Task to complete:
Output the material exactly, keeping every line intact.

Collected data:
※ ※ ※

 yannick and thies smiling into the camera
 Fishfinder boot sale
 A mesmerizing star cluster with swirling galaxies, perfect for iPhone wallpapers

※ ※ ※

Result of this exercise:
 yannick and thies smiling into the camera
 Fishfinder boot sale
 A mesmerizing star cluster with swirling galaxies, perfect for iPhone wallpapers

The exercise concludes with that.